Work request:
Each line from the one containing "new 2025 Jeep" to the end of the material below is to be restated exactly, with pictures skipped.

Data provided:
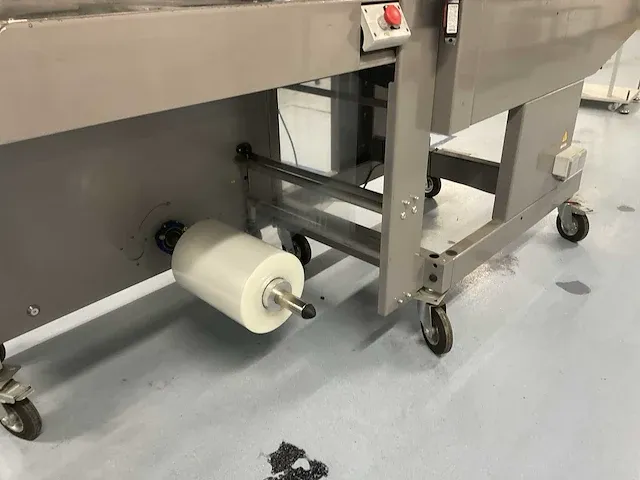 Mobiele folie machine met krimptunnel - afbeelding 7 van  8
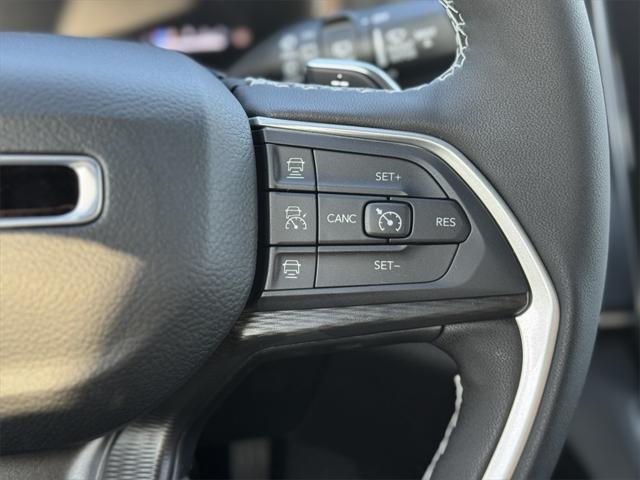 new 2025 Jeep Grand Cherokee car, priced at $38,666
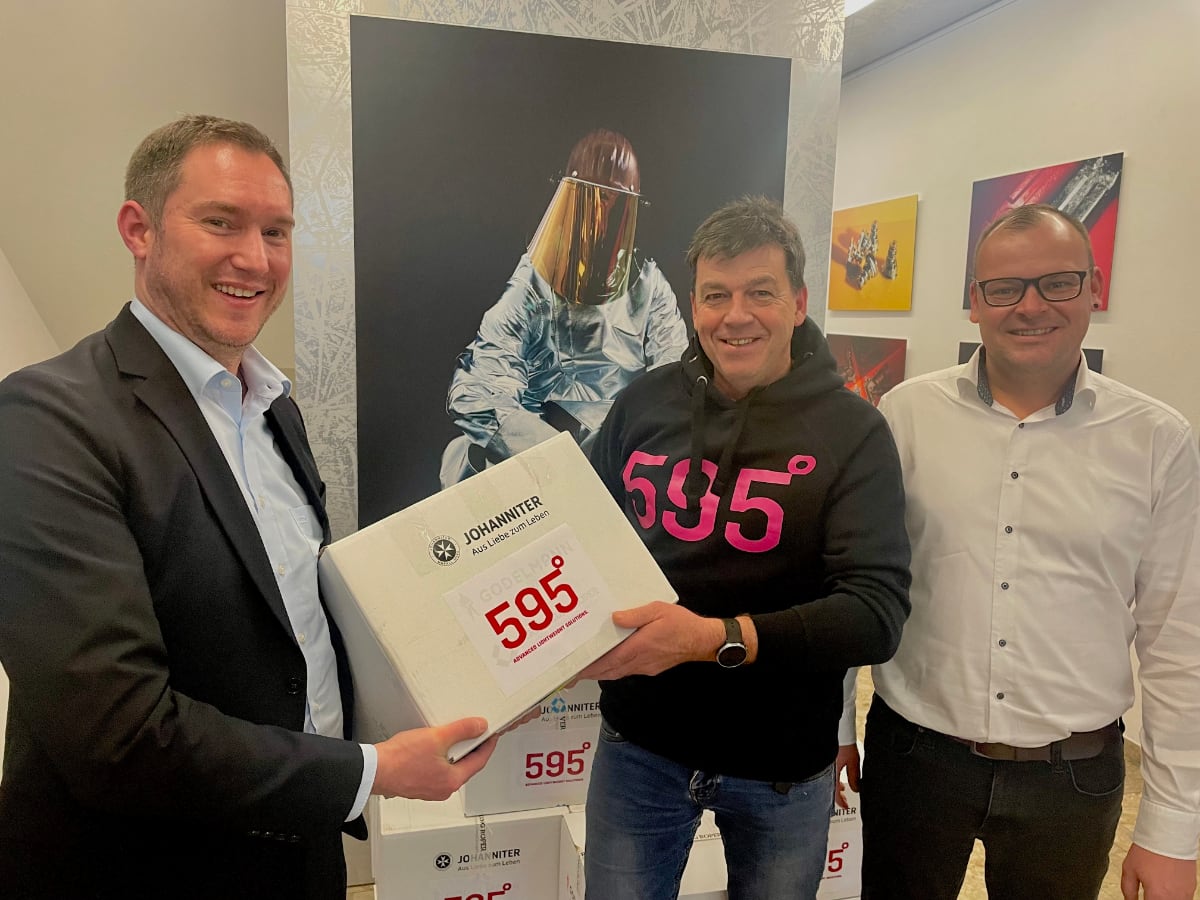 595 Solutions sammeln für Weihnachtstrucker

Output for this task:
 new 2025 Jeep Grand Cherokee car, priced at $38,666
 595 Solutions sammeln für Weihnachtstrucker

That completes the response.